Anchorage — Chugiak football coach Duncan Shackelford wiped the raindrops from his iPhone during practice Thursday so he could better examine slow-motion video of sophomore quarterback Ben Stewart's throwing motion.
The video, shot just moments before on the "coach's eye" app, is a far technological cry from the coaching aids in existence when Shackelford took a job as an assistant coach at Chugiak more than 20 years ago.
"My first couple years I started coaching with Bruce (Shearer) out here, we did some reel-to-reels," Shackelford said. "VHS was top of the line.
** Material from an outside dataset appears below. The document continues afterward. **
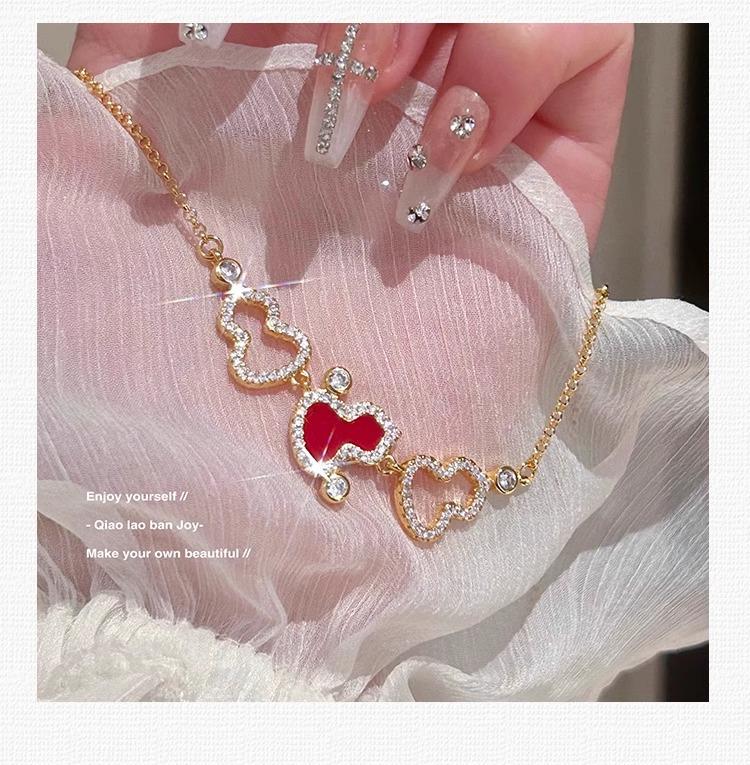 Gourd Necklace: White Mother-of-Pearl & Burgundy Gold on Luxurious Clavicle Chain with Sparkling Diamond Texture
If you had VHS, you were a hot dog."
Along with seeing the DVD emerge and go out of style, Shackleford has seen hundreds of players come through his programs throughout a 20-year head-coaching career that started with a 10-year run at Dimond and continued for the last 10 years at Chugiak.
This season will be the last, however, for the gregarious, lovable coach known for wearing open-toed sandals and shorts in freezing weather.
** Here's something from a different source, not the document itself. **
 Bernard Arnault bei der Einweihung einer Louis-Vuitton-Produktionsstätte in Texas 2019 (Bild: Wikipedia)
Shackelford will retire from coaching when the season ends, and retire from a 25-year career as a special education teacher when the school year ends. He will say farewell to football sometime during the postseason -- the Mustangs enter the eight-team state football playoffs this weekend as the No. 4 seed from the Cook Inlet Conference.
"I will miss the kids," said Shackelford, who turns 53 Saturday, when Chugiak faces Service at Dimond High. "I will miss that interaction with the kids every day, trying to motivate a kid that is totally unmotivated, getting a chance to help them."
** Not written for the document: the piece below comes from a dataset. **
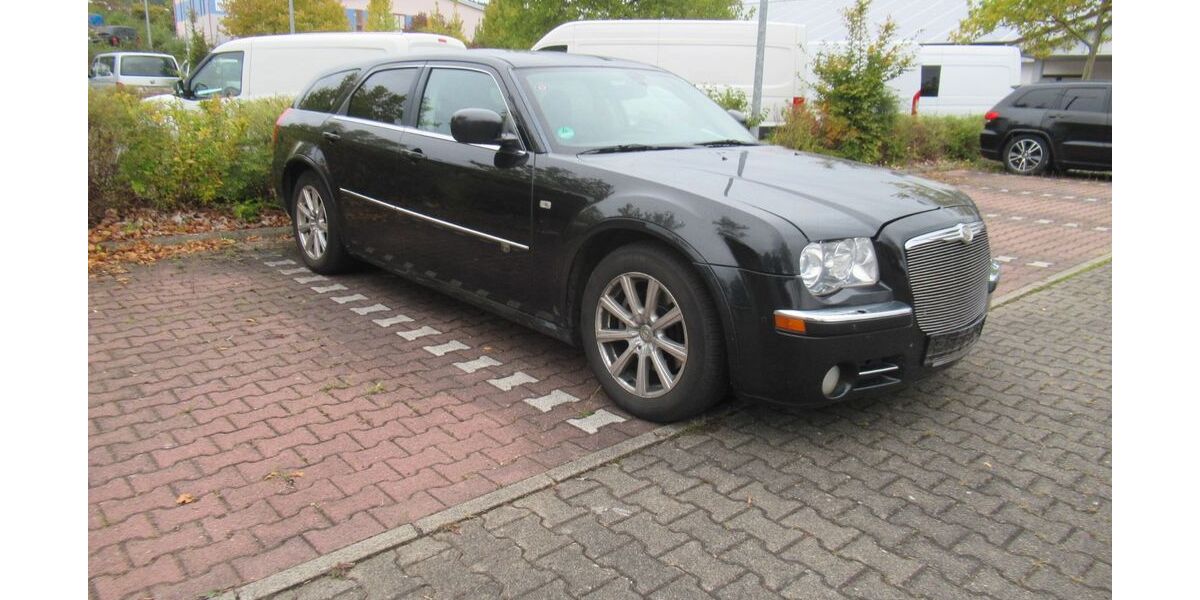 Chrysler 300C 441.000 km 3.300 € Tauberbischofsheim 97941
Shackelford, a one-time nose tackle for the Palmer-Wasilla Falcons, fell in love with football when he was 6. He worked as an assistant coach outside Alaska before returning to become a fixture in the football community. He graduated high school in 1978 and dreamed of coaching at Palmer High, but classmate Rod Christiansen beat him to the job.
"Some pretty good football coaches came out of there," Shackelford said.
Among Christiansen's achievements at Palmer is leading the Moose into the large-school state playoffs for 14 straight seasons. Shackelford's career highlights include back-to-back state titles with Dimond in 2000-01, which is the last time a school repeated as large-school champ. The closest Shackelford has gotten to a state title with Chugiak was a runner-up finish to Bartlett in 2009.
Shackelford is a wealth of knowledge when it comes to Alaska football, full of entertaining stories for anyone willing to listen. He said he'll stay involved with football on some level, maybe helping out as an assistant and perhaps sharing some of his stories as a regular guest on local radio and TV broadcasts.
At Thursday's practice, Shackelford passed on technical knowledge about the passing game, imploring Stewart to push off more from his back foot when he throws and to release the index finger on his throwing hand toward the ground. Shackelford enjoys helping players improve their skills on the field, but he also relishes the chance to watch them mature off the field.
"Being known as a good guy out in your community is one of the big things he always talks about," said Chugiak senior Gabe Mingledorff. "That's something I'll cherish and remember."
Mingledorff, the second-leading rusher in the CIC with 699 yards on 118 carries, said Shackelford called him Dingledorff when he was a junior, because he lacked focus. Shackelford took extra time to work with him and mentor him, and now Mingledorff is one of Shackelford's favorite examples of how a player can grow up on the gridiron.
"When he was a sophomore, he was a little dork, incredibly talented little dork, but he was a dork," Shackelford said. "Now, he's one of the most gracious young men I've been around in a long time. Him and I have a very close bond."
Being a head coach is a job that fills 11 months a year with late nights and long weekends, Shackelford said, and he's looking forward to being able to tell his wife he will be home in time for dinner or tell his seventh-grade son that he can attend more than one of his baseball games next summer. A few fishing trips might find their way into Shackelford's schedule as well, but he also expects to explore new career opportunities.
"It's time for a new adventure," he said. "I'm still young. I can still walk, most of the time."
Saturday's game with Service is a rematch of a 27-26 Chugiak victory in Week 4, one of the most exciting games in the CIC this season. It featured a fourth-quarter Chugiak comeback highlighted by an amazing catch from Mingledorff.
Shackelford said he took time after the game to soak in the win, because he knew it was one of the last times he would experience such a thrill on the Chugiak turf. When all is said and done, however, Shackelford's fondest memories won't involve winning football games.
"The greatest thing, whether it's a football player or one of the kids I taught in class, is when they bring their wives or their husbands and babies in for me to meet," Shackelford said. "That means the world to me, because that means that I impacted that kid somewhere down the line and it's special enough for them to make me part of their life."